Longstreet said:
Observer A has a transmitter at x_t and a receiver at x_r set to send a signal in the +x direction. And observer B moves at u in the +x direction relative to A which has a transmitter and receiver set the send a signal in the -x direction.
B's transmitter is set to pass A's receiver located at x_r at time (x_r - x_t)/(k*c). So k is the multiple of c that the signal is traveling. The signal is then resent by B to it's receiver in it's frame. k' is the same thing but in B's frame. They can be the same but I made them separate just for generality. B's receiver will be at x_b at time t_b when the signal is received. I'm not concerned about B's reference of the events. Essentially when B's receiver gets the signal at t_b it broadcasts it at c in A's frame, so x_b could be anywhere, although we're mostly interested when x_b = x_t (same starting and stoping point).
Probably the simplest approach here is just to figure out how fast a signal will be moving in your frame if it is moving at k'c in the -x direction of a frame that is moving at u in a +x direction relative to you.
Say that in this other frame, a signal is emitted at x'=0 ,t'=0 and after a time interval of t0 in that frame it is at x'=-k'*c*t0, t'=t0. We can use the Lorentz transform to find the coordinates of these events in our frame:
x = \gamma (x' + ut')
t = \gamma (t' + ux'/c^2)
with \gamma = 1/\sqrt{1 - u^2/c^2}
So the coordinates of the first event are x=0, t=0 while the coordinates of the second are x = \gamma (-k'ct_0 + ut_0) = \gamma (u - k'c) t_0 and t = \gamma (t_0 - uk't_0 /c) = \gamma (1 - uk'/c) t_0. So, the speed is distance/time, or (u - k'c)/(1 - uk'/c). You could also find this just by using the
formula for velocity addition in relativity with v = k'c.

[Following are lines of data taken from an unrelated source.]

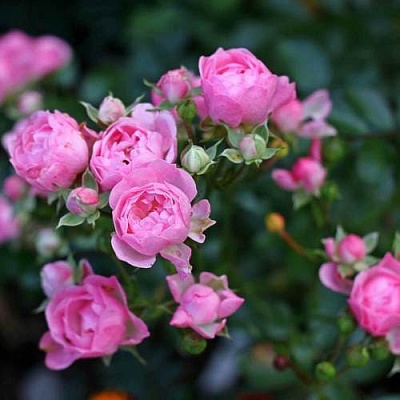 Роза полиантовая в Подольске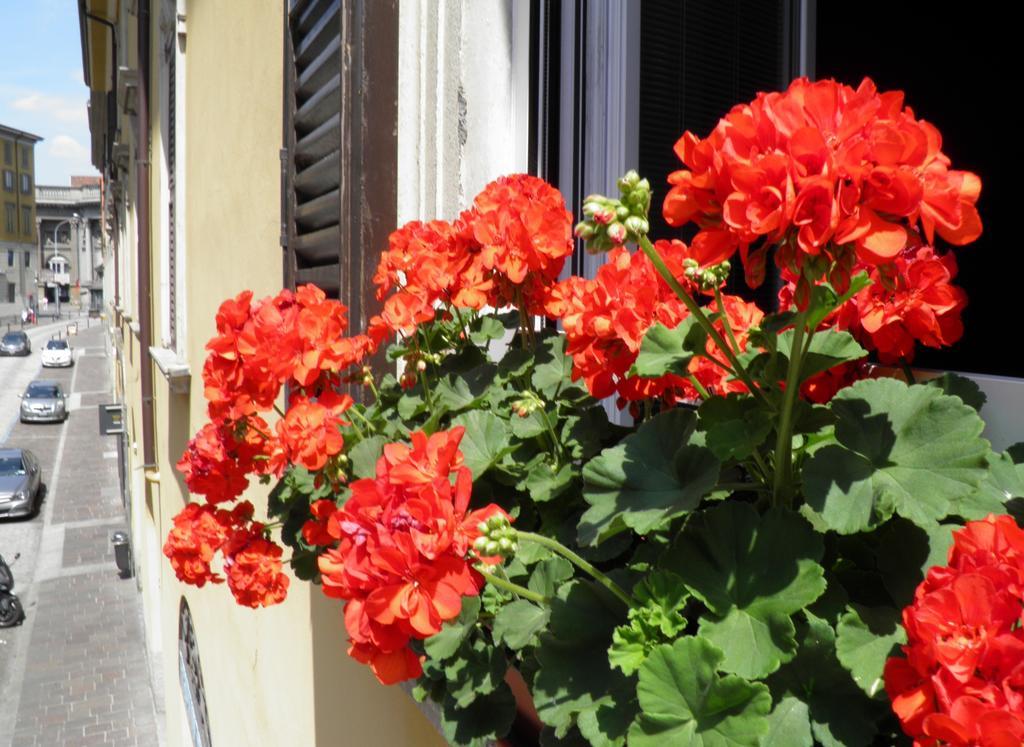 Bed and Breakfast In Centro Charme Bergamo Zewnętrze zdjęcie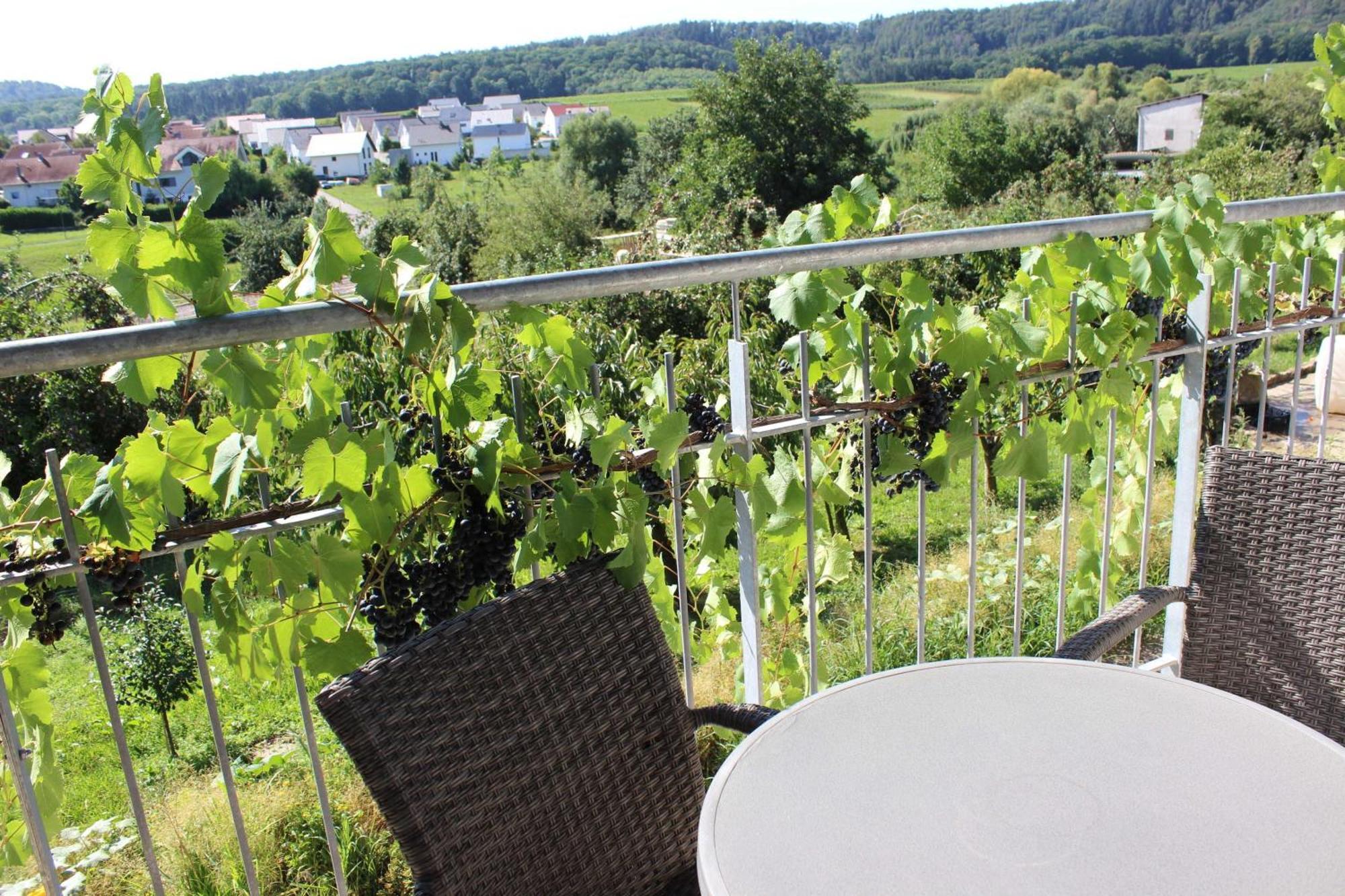 Gaestehaus Zum Wolffenturm Lehrensteinsfeld Extérieur photo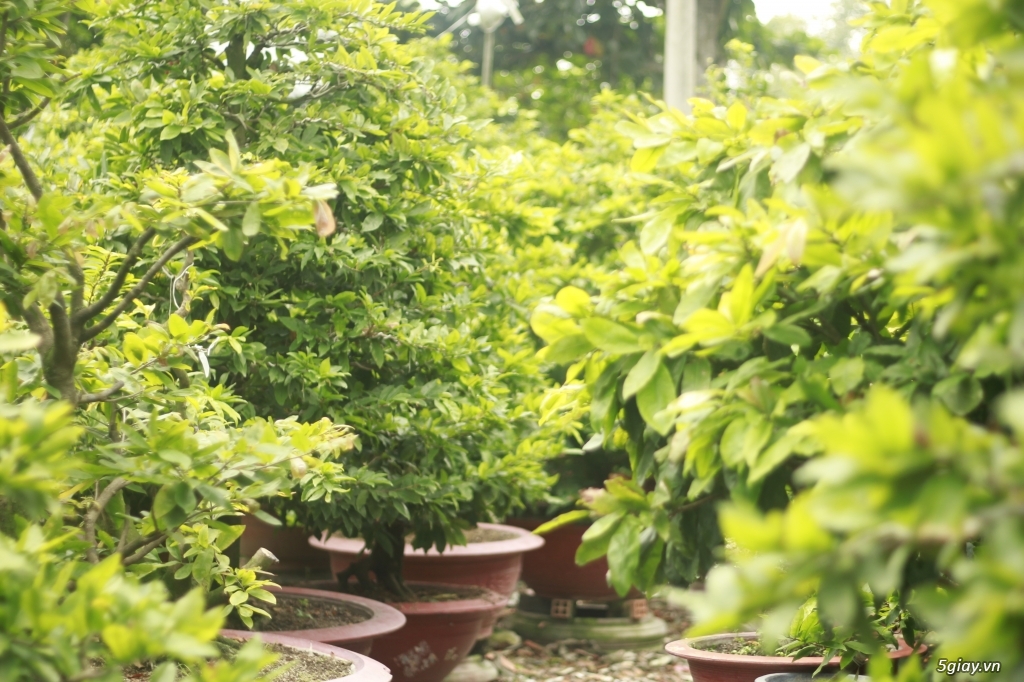 Vườn mai vàng 6 HƯNG...bán,cho thuê mai vàng chưng tết! - 6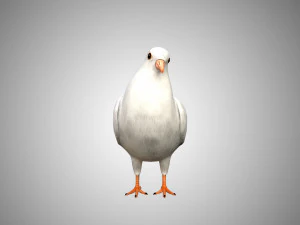 rigged low poly dove 3D Model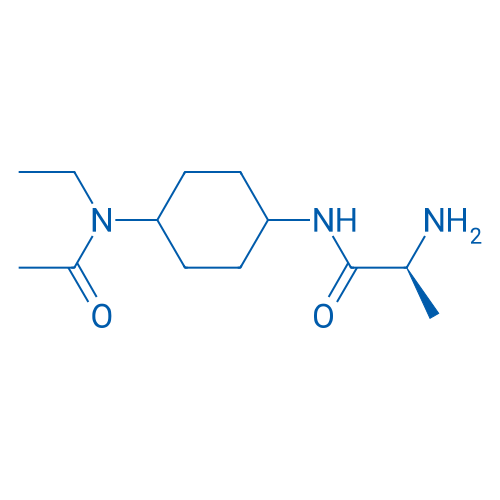 (S)-2-Amino-N-(4-(N-ethylacetamido)cyclohexyl)propanamide 1g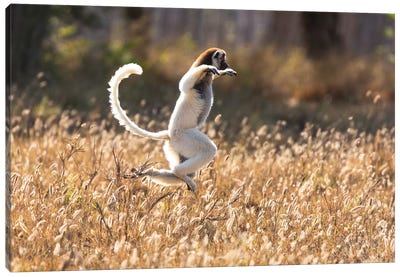Madagascar, Berenty Reserve. Verreaux's sifaka dancing from place to place where there are no trees Canvas Art Print - Madagascar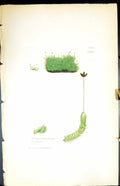 Antique Print Jungermannia Turneri British Plants Botany 1847 Sowerby Smith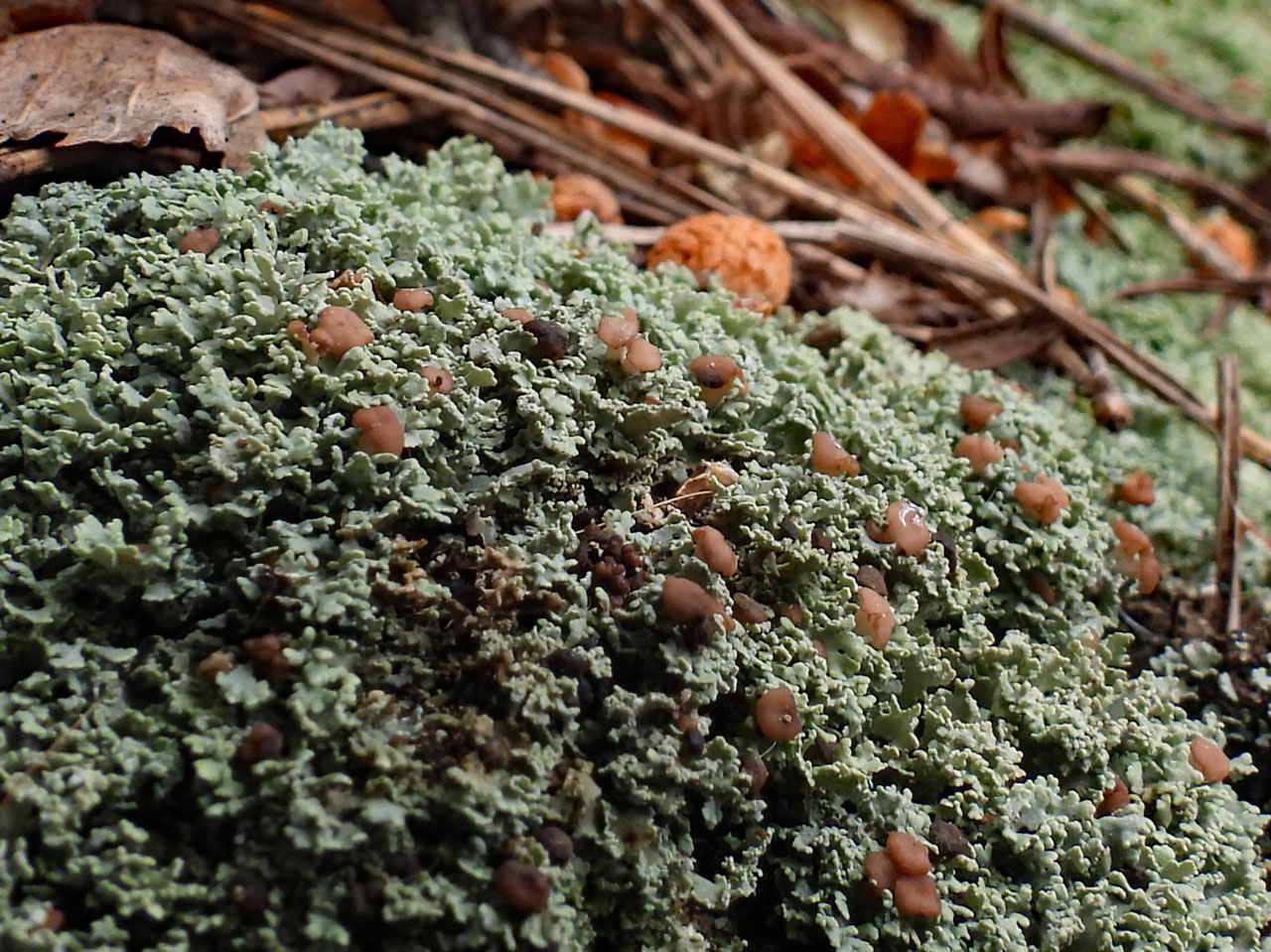 Cladonia caespiticia, Stag Park, New Forest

Since k'c is faster than light and u is slower, no matter what k and u are we know the numerator u - k'c will be negative. The denominator will be positive when the signal is moving forward in time, negative when it's moving backwards in time. So if we know the signal was emitted by B at position x_r and time t_r, and it had to go a distance of x_r - x_b to B's receiver, then it should reach B's receiver at time t_r + (x_r - x_b)/(-v_b), where v_b = (u - k'c)/(1 - uk'/c) which again should be negative when the signal is moving forwards in time, which you can see from the above formula means the signal reaches B's receiver at a time greater than t_r, and positive when the signal is moving backwards in time, which means the signal reaches B's receiver at a time less than t_r.
So, all that's left is to note that t_r = (x_r - x_t)/kc as you said earlier, and I would conclude that t_b = (x_r - x_t)/kc + (x_r - x_b)(1 - uk'/c)/(k'c - u). This is the same thing you got, except for that extra t_t in yours which doesn't fit with the statement that the first signal will reach A's receiver at (x_r - x_t)/kc...if you wanted the original signal to be sent at an arbitrary time t_t, then that should be (x_r - x_t)/kc + t_t. Apart from that minor issue I don't see a problem.